Number one seed Kim Min Seok reached under-21s final

Under 21 Singles Finalists decided

Kazumi Ishikawa (Japan) and Jeon Ji Hee (Korea) became the first two Finalists in the ITTF Pro Tour Finals at the Excel Arena. Ishikawa, the 18 year-old top seed finished strongly to beat Lee Ho Chiang (Hong Kong) 4-1 after having trailed 2-1. She will meet Jeon Ji Hee (Korea)  in the Final of the Under 21 Ladies Singles. Jeon Ji Hee, the World no. 33 beat Ng Wing Nam (Hong Kong) 4-1.
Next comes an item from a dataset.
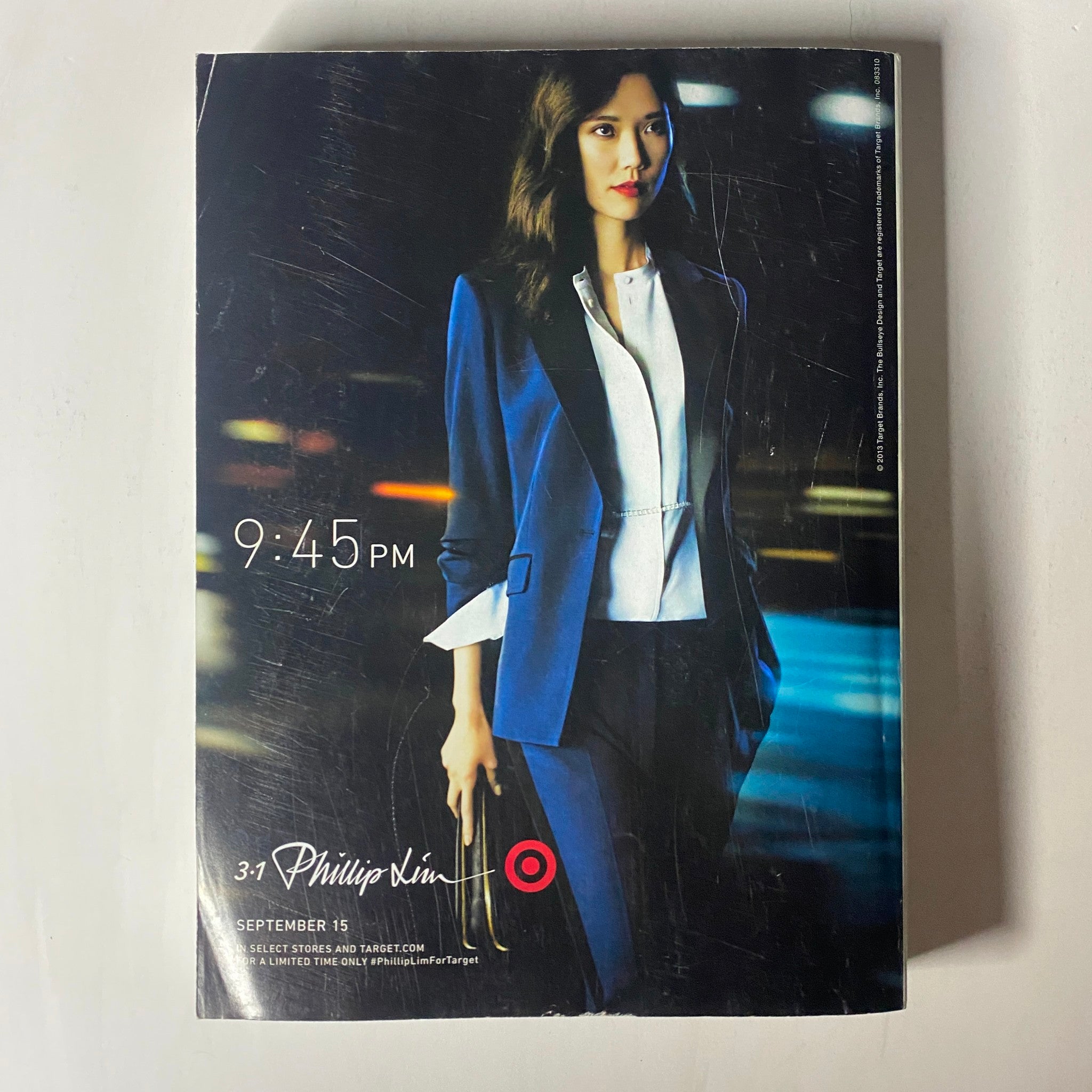 Vogue Magazine September 2013 edition advertisement for Phillip Lim's collection at Target featuring a model in a chic blue suit, promoting the collaboration and style for the season.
The crowd-pleasing and supremely athletic Kim Min Seok (Korea), the top seed finished strongly to beat Chen Chien An (Chinese Taipei) 4-2 in the Under 21 Mens Singles. Seok is happy to back off from the table and his style has in some quarters been likened to a young Jan-Ove Waldner.

He certainly moves incredibly well and his games have been some of the most aesthetically pleasing so far. Seok will face Chen Feng (Singapore) in the Final. Feng, aged  17 and the World no. 158 “hit the Jackpot” by defeating World no. 31 – Lee Sang Su (Korea) 4-2 – the biggest upset in the tournament to date.

The Mens Doubles lacked some of the passion evident in the Singles. Doubles is no longer part of the Olympic Games except as part of the Team event. The English pairing – Andrew Baggaley / Liam Pitchford took the first game against the Chinese top seeds – Ma Lin / Zhang Jike but they weren’t able to build on it. The Chinese aces prevailed 4-1. They will meet the Doubles Specialists – Daniel Habesohn / Robert Gardos (Austria) who beat Chuang Chih-Yuan / Wu Chih-Chi (Chinese Taipei) 14-12, 11-9, 11-7, 11-7.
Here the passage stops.